Scion Rock Fest was an annual heavy metal music festival held in various cities throughout the United States. The festival lineups included bands from several genres of metal, such as death metal, grindcore, doom metal, metalcore, and experimental metal, and booked headliners that include Cannibal Corpse, Mastodon, Morbid Angel, Down, and Sleep. The festival was produced by Scion's lifestyle marketing brand, Scion AV, and admission was free every year.  Live video recordings and band interviews were also released after each fest.

History
Scion Rock Fest was established in 2009 as part of Scion AV's involvement in the metal music genre. The five festivals that occurred since 2009 featured performances from 110 bands from all over North America, Europe, and Asia.

Venues & Lineups

2009
The first Scion Rock Fest took place on Saturday, February 28 in Atlanta, GA at The Masquerade and an outdoor stage.

2010
Scion Rock Fest 2010 took place on Saturday, March 13 at four venues in Columbus, OH.

2011
Scion Rock Fest 2011 took place on Saturday, March 5 at two venues and two outdoor stages in Pomona, CA.

2012
Scion Rock Fest 2012 took place on Saturday, June 2 at four venues in Tampa, FL.

2013
On March 6, 2013, Scion announced that the next festival would take place on June 1, 2013 in Memphis, Tennessee.   The full lineup for the 2013 festival was announced on March 26, 2013.  The 2013 festival took place at five venues on Beale Street in Memphis.

2014
The 2014 Scion Rock Fest was announced on March 13, 2014 to take place in Pomona, CA.  The full festival lineup was announced on March 25, 2014.

Controversy
In the weeks leading up to the first Scion Rock Fest in 2009, Scion removed Nachtmystium from the lineup due to alleged ties to Nazism.   The band's first album, Reign of the Malicious, was distributed via the National Socialist Black Metal record label Unholy Records.  The band was outspoken about the accusations and denied any true ties to the Nazi movement.

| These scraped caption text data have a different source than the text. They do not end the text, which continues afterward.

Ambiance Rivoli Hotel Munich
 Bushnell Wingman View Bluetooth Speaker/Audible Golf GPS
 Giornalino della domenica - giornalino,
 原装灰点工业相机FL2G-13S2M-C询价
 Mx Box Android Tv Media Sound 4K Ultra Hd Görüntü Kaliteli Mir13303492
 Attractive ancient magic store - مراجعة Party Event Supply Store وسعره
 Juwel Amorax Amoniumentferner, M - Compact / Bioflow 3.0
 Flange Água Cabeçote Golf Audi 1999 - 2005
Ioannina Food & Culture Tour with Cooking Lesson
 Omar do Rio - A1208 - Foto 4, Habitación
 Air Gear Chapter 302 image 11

Several months before Scion Rock Fest 2012 and before the final lineup had been officially announced, the American sludge metal band Eyehategod announced on their Facebook page that they had been banned by Scion Audio/Visual from performing at Scion Rock Fest. Brian Patton, a guitarist in the band, later told The Age of Metal in a phone interview that Scion Audio/Visual had originally approached the band to perform at the 2012 festival, but later rescinded the offer due to their lyrical content and the religious connotations in the band's name.